BRYANT William Cullen

BRYANT William Cullen. Poète et publiciste nord-américain. Né à Cummington (Massachusetts, États-Unis) le 3 novembre 1794, mort à New York le 12 juin 1878. Fils d'un médecin ami des lettres, il reçut une formation classique. En 1810 il entra au William's College, qui était loin de mériter sa renommée actuelle, et où il apprit à connaître les poètes grecs. Il débuta dans la littérature par une satire du Président Jefferson, The Embargo, publiée en 1808. La lecture des poètes « sépulcraux », particulièrement celle de Cowper, lui inspira la première version de Thanatopsis, poème qu'on a qualifié de « grand chant funèbre puritain », et de « première manifestation réellement poétique de la mentalité austère de la Nouvelle-Angleterre ». Devenu docteur en droit, Bryant commença en 1815 à exercer la profession d'avocat, sans pour autant renoncer à la littérature : c'est de cette époque que date sa meilleure poésie : A un oiseau aquatique . En 1821 il se maria, et en 1824 abandonna sa profession pour collaborer à une gazette de Boston, la United States Library Gazette, à laquelle il était tenu de fournir cent vers par mois.
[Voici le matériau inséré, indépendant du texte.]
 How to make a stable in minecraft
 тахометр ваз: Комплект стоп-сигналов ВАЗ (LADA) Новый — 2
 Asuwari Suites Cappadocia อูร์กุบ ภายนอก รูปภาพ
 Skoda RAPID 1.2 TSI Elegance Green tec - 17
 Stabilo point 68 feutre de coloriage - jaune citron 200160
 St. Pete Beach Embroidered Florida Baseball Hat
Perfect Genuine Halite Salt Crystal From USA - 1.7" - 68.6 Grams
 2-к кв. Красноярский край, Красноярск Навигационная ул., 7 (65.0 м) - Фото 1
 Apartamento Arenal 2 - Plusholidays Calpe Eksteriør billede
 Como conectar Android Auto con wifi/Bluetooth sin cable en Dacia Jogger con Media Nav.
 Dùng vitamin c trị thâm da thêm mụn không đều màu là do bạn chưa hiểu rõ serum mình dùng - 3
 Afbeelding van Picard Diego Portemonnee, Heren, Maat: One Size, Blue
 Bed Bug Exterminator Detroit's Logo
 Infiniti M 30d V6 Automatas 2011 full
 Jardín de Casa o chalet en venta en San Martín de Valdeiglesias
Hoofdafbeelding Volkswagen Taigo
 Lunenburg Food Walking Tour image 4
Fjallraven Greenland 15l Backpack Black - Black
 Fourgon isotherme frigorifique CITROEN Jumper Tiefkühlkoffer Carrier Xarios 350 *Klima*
Les quelque trente poèmes qui y parurent entre 1824 et 1825 figurent avec d'autres dans un recueil daté de 1832, qui fut jugé « le meilleur volume de vers américains ». Il fut suivi de deux autres : La Source et autres poésies [1842] et L'Antilope aux pattes blanches et autres poésies [1844]. Démocrate convaincu, Bryant effectua dans le sud des États-Unis, à Cuba et en Europe, de fréquents séjours, dont il nous donne un récit dans ses Lettres d'un voyageur [ 1850]. Après 1848, il soutint, dans le Eve-ning Post dont il était le directeur, Martin Van Buren et le mouvement antiesclavagiste, enfin il s'inscrivit au parti républicain qui venait d'être fondé. Lorsque le Sud réclama la Sécession, il blâma Lincoln pour sa modération et demanda qu'on employât la force pour réduire la rébellion. Il fut l'un des premiers publicistes américains à avoir donné au journalisme de son pays ses lettres de noblesse; en tant que poète, on le compare à Wordsworth pour son sentiment de la nature.